The Egyptian state tends to define our problems and work on tackling them within the shortest possible timeframe. Yet, given the number and magnitude of our challenges, it is almost impossible to address all problems simultaneously and with equal efficiency. Working to reduce their impact over time, allowing them to diminish, is sometimes a much better strategy than confronting all challenges head-on and losing significant battles.
For the last few years, the Egyptian state has been applying a very intense, confrontational strategy in its battles with all of its opponents, with the intention of winning them all. This approach has led to a diffusion of our competence, prolonging battles that we had thought would be over quickly and, in some cases, exhausting our efforts in the battlefield. The result is that many Egyptians have lost hope of resolving some of our challenges and no longer have confidence in the Egyptian government that had initially promised them rapid solutions.
Egypt’s present largest crisis, terrorism, often begins with the expanding number of extremists willing to commit such crimes; if we worked on defusing those extremists in the first place, we would see less terrorism (having said that, the only viable option for dealing with those who actually commit crimes is military and security confrontation). Many other Arab governments have achieved better results in the battle against terrorism by applying a constructive, comprehending strategy.
The Egyptian state’s recent handling of Air Marshal Ahmed Shafik, former prime minister and potential candidate in Egypt’s 2018 presidential election, is one of the very few examples where it has managed (so far) to contain the crisis and completely defuse a potentially serious problem. Nevertheless, the government is not too happy with applying the same method in dealing with other politicians, believing that giving them a free reign will drag down the state. We simply need to apply the tactics that have proven to be successful to our remaining unsolved problems.
By stretching ourselves to tackle many problems at once, we have allowed our enemies to penetrate Egyptian society, either with their views or with terrorist activity.
Obviously, any government would prefer to get rid of its challenges once and for all. But, since this is not always feasible, it could be more advisable to contain some of these challenges — especially in the case of nations such as Egypt, which face numerous and intense problems that keep growing in both size and magnitude. By stretching ourselves to tackle many problems at once, we have enabled our enemies to capitalize on the state’s competence deficit and allowed them to penetrate Egyptian society, either with their views or with terrorist activity. By initially working on better defining and prioritizing our challenges, we could obtain better results.

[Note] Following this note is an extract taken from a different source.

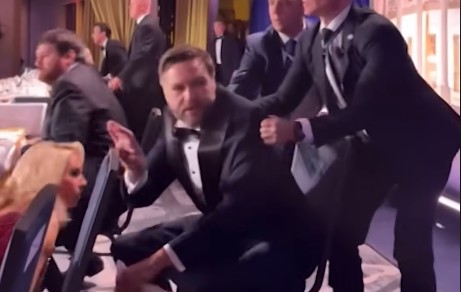 Vice President JD Vance being taken from a table by Secret Service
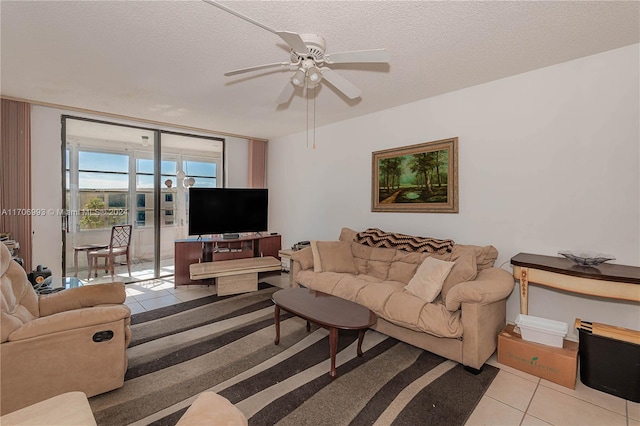 living room featuring ceiling fan, light tile patterned floors, a textured ceiling, and a wall of windows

What really matters in politics is mobilizing citizens around the state’s mission. Giving room to the state’s opponents to express their opinions while working on changing their outlook is certainly a much better approach than working on expanding the state’s opponents and enemies — and eventually living with incremental challenges. Politics is about compromise. There is no harm in expressing a degree of flexibility in our efforts to achieve our goals. The Egyptian state needs to advance its political strategy by being more comprehending and less confrontational.